Task to carry out –
Your response should contain exactly the lines running from the one with "A German Luftwaffe" to the end of the data below, both included, and no pictures.

Image-caption web data –
.....

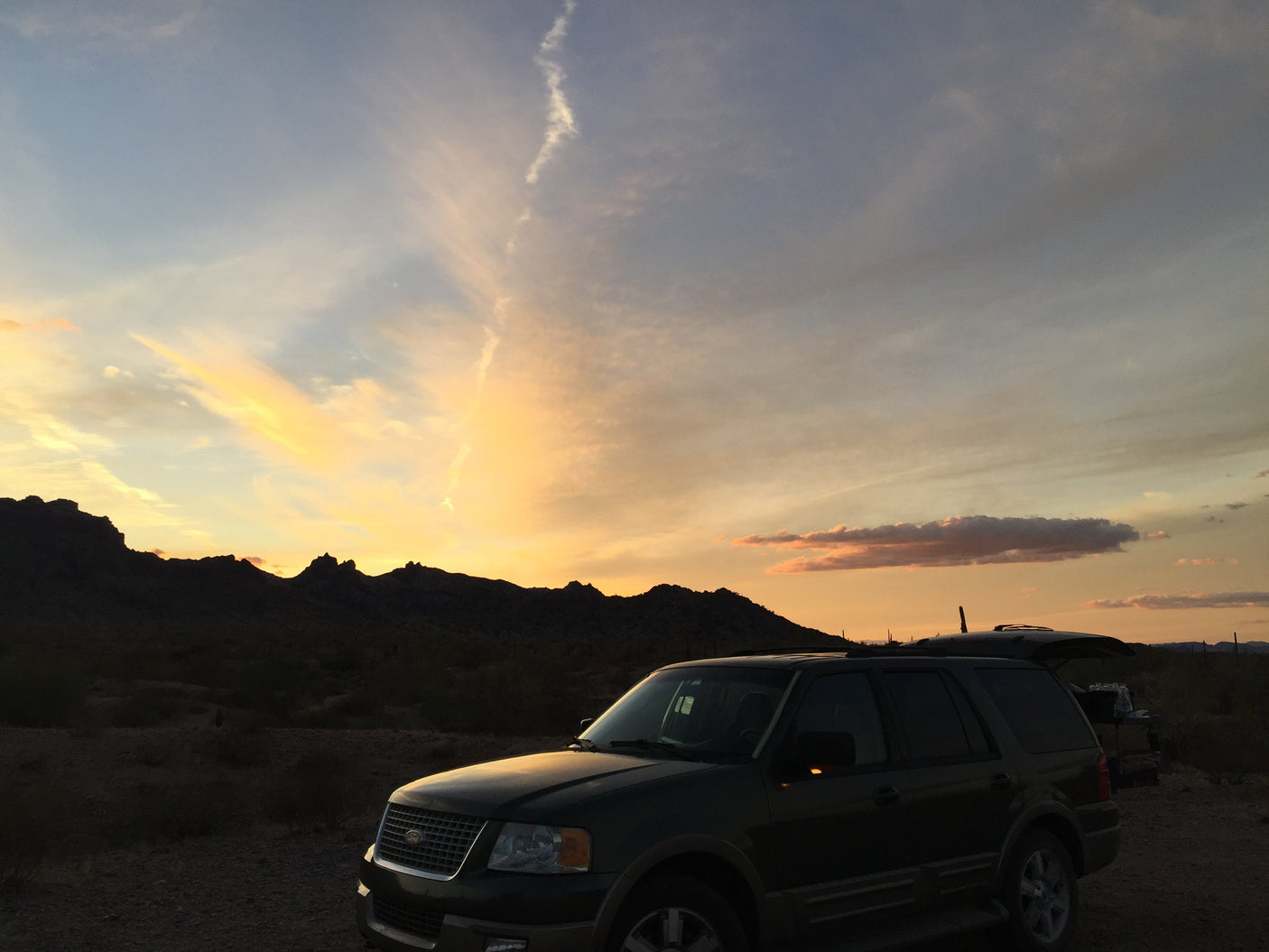 SUV parked under a vibrant desert sunset and mountains. Ideal for outdoor getaways, consider an RV rental for longer trips.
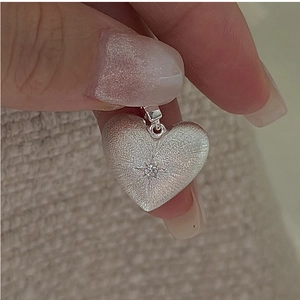 Close-up of heart-shaped S925 silver pendant with brushed texture and starburst gem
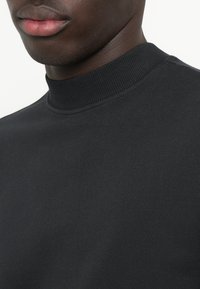 Top nero a collo alto realizzato in tessuto liscio, con un design aderente e un colletto a costine, che mette in mostra una sottile texture e dettagli delle cuciture.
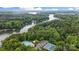Aerial view showcasing lakefront community, pool, and tennis courts surrounded by trees at 12702 Overlook Mountain Dr, Charlotte, NC 28216
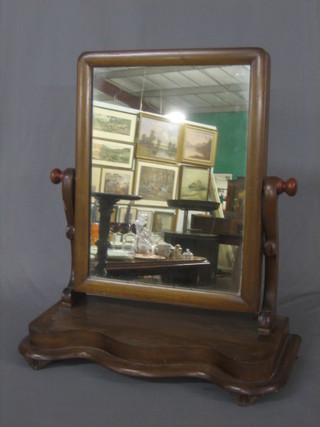 A Victorian mahogany rectangular plate dressing table mirror contained in a mahogany swing frame, raised on a shaped base 19"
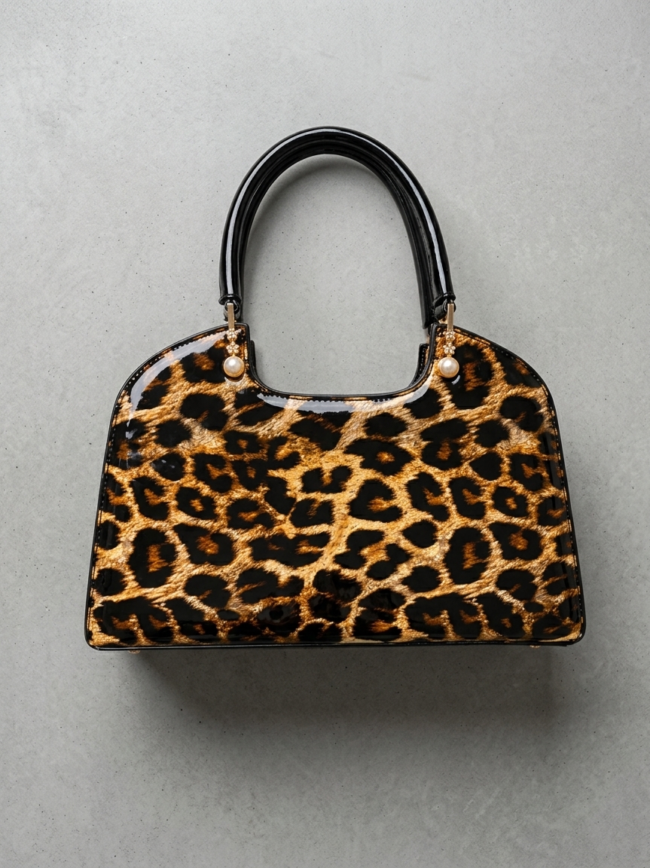 Leopard print handbag with black glossy handles and pearl-adorned gold hardware on a gray background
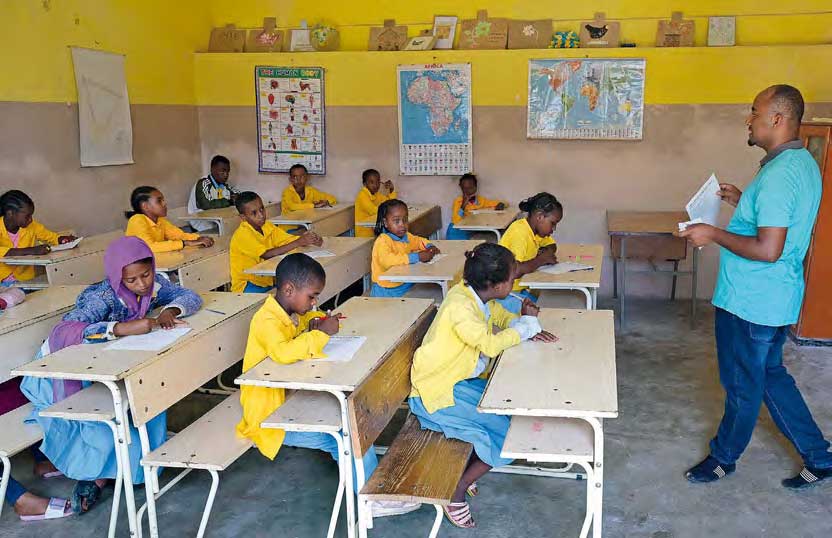Kinder sitzen in einem Klassenzimmer, jedes an einem eigenen Tisch. Ein Lehrer steht vorne und zeigt etwas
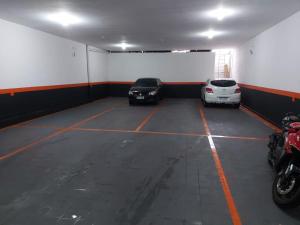 a parking garage with two cars parked in it at Hotel Caliente in Sao Paulo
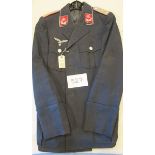 A German Luftwaffe officer’s tunic,  with silver bullion piping to the collar and with Third Reich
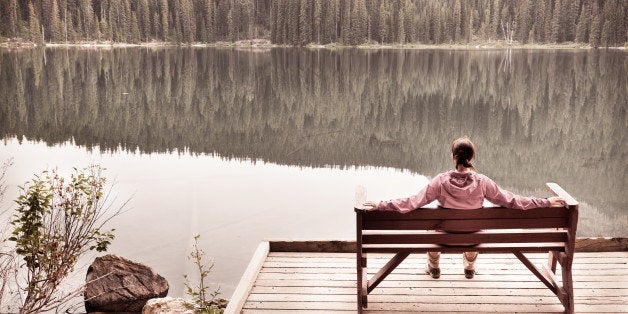 woman sitting in solitude by...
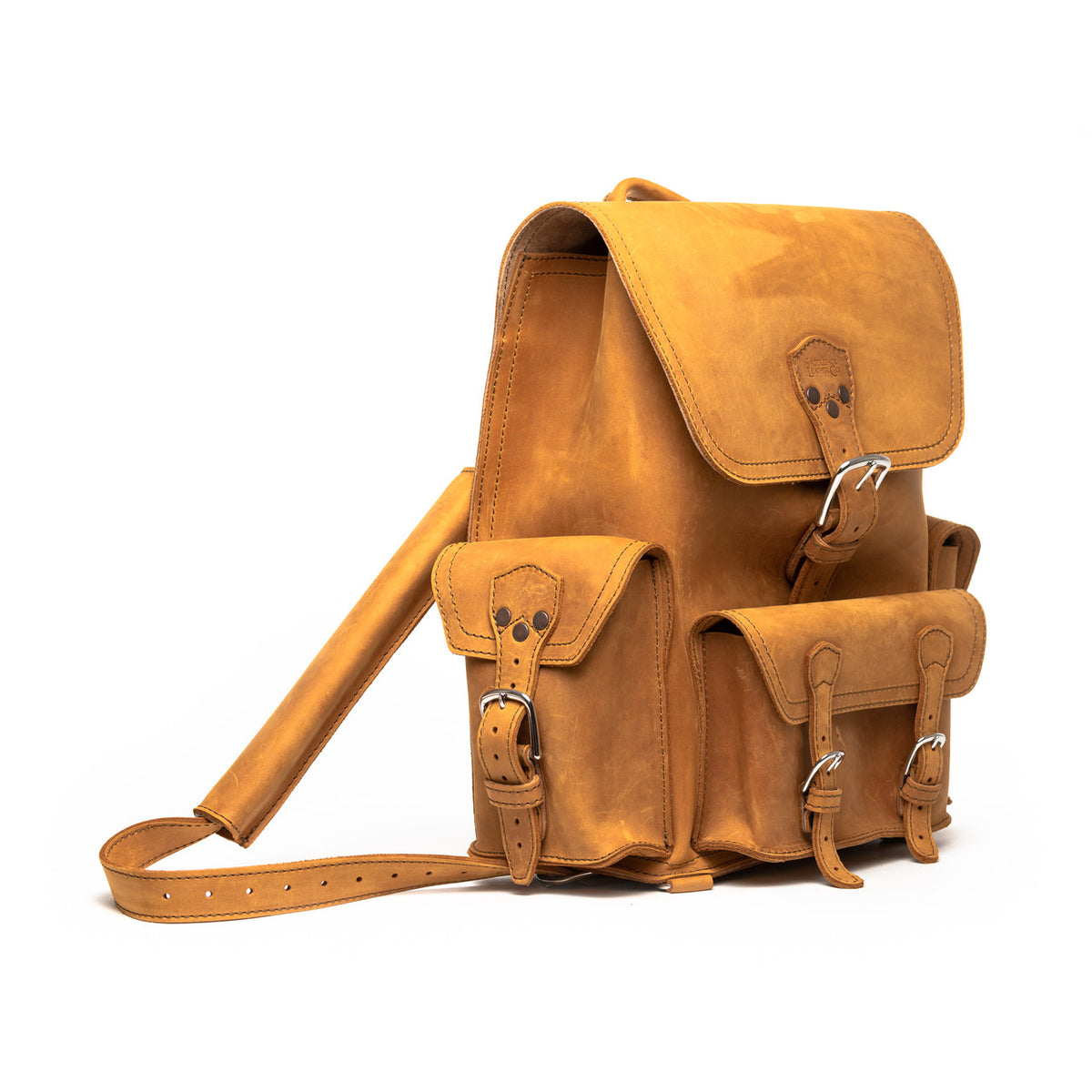 Front Pocket Leather Backpack in Tobacco, angled view with buckled flap, front pockets and strap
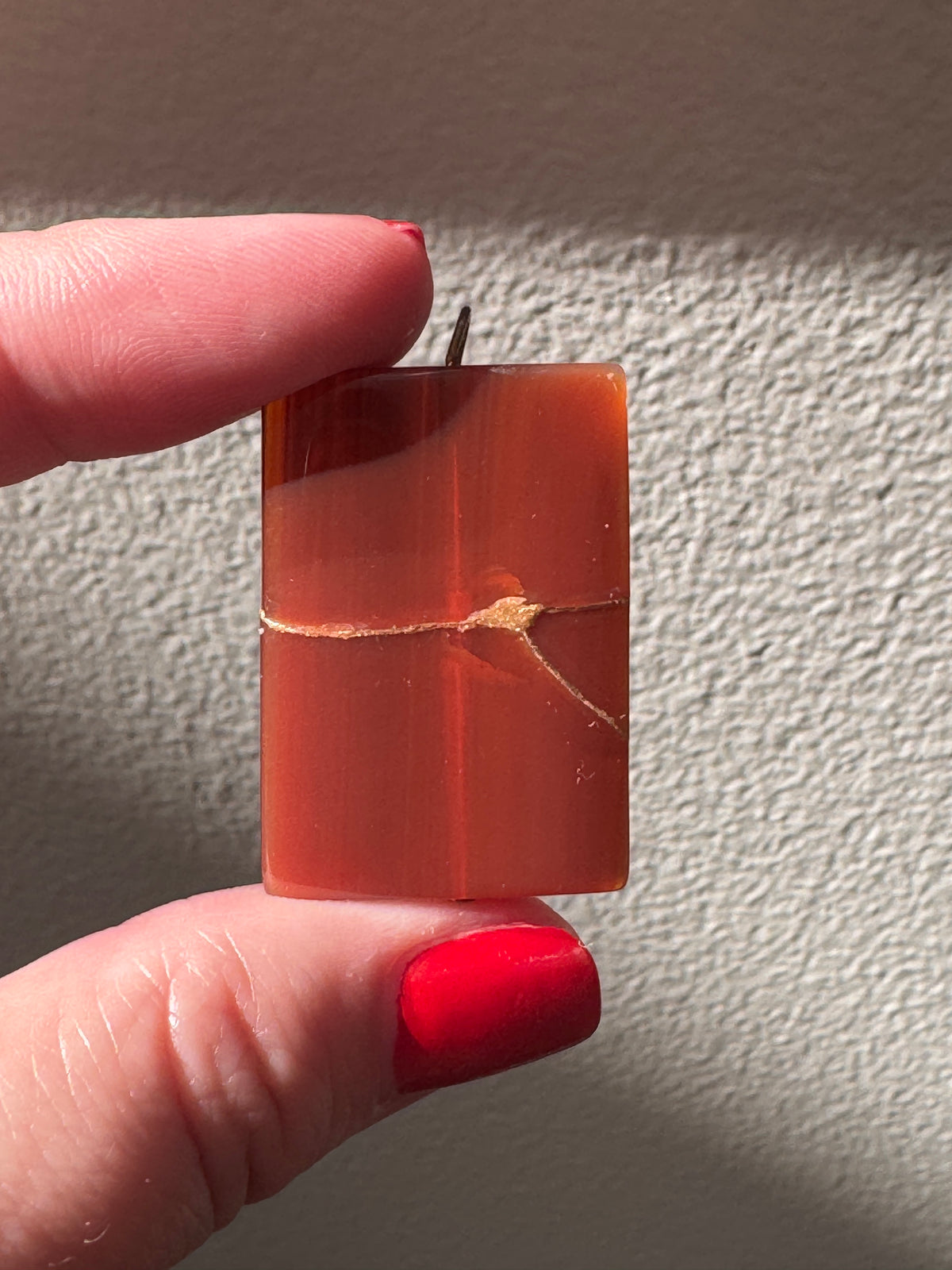Estate 14K gold pendant featuring natural red carnelian rectangle with dramatic gold strike mineral inclusions embodying wabi sabi aesthetics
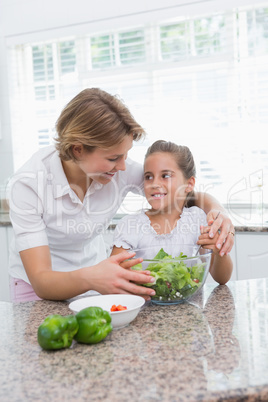 Mother and daughter preparing salad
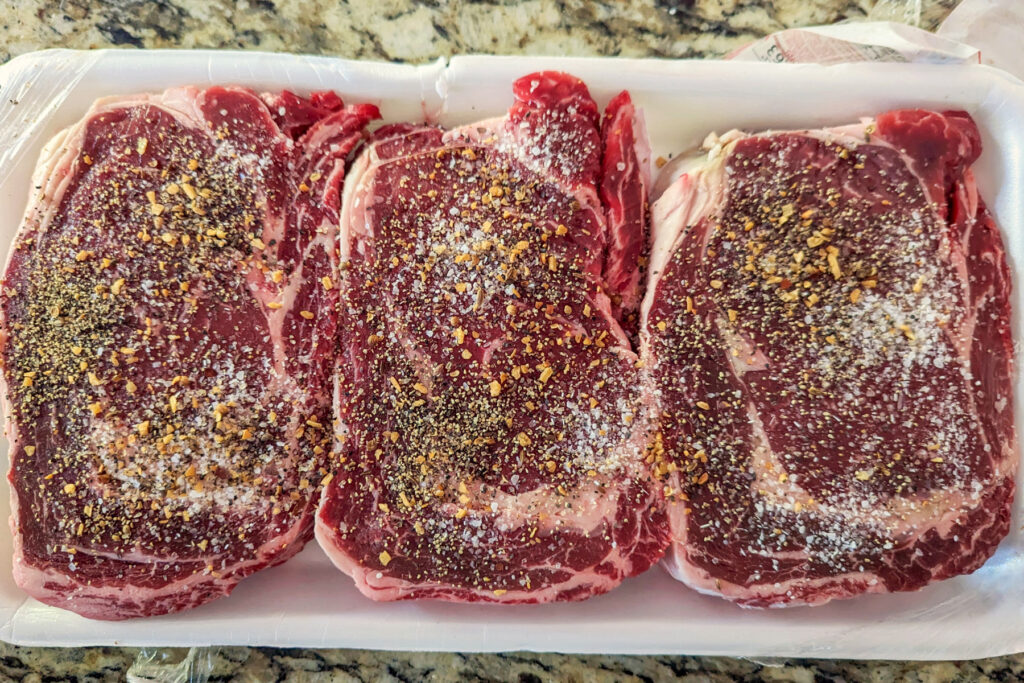 Seasoned ribeye steaks on a tray.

.....

Exercise solution –
 A German Luftwaffe officer’s tunic,  with silver bullion piping to the collar and with Third Reich
 woman sitting in solitude by...
 Front Pocket Leather Backpack in Tobacco, angled view with buckled flap, front pockets and strap
Estate 14K gold pendant featuring natural red carnelian rectangle with dramatic gold strike mineral inclusions embodying wabi sabi aesthetics
 Mother and daughter preparing salad
 Seasoned ribeye steaks on a tray.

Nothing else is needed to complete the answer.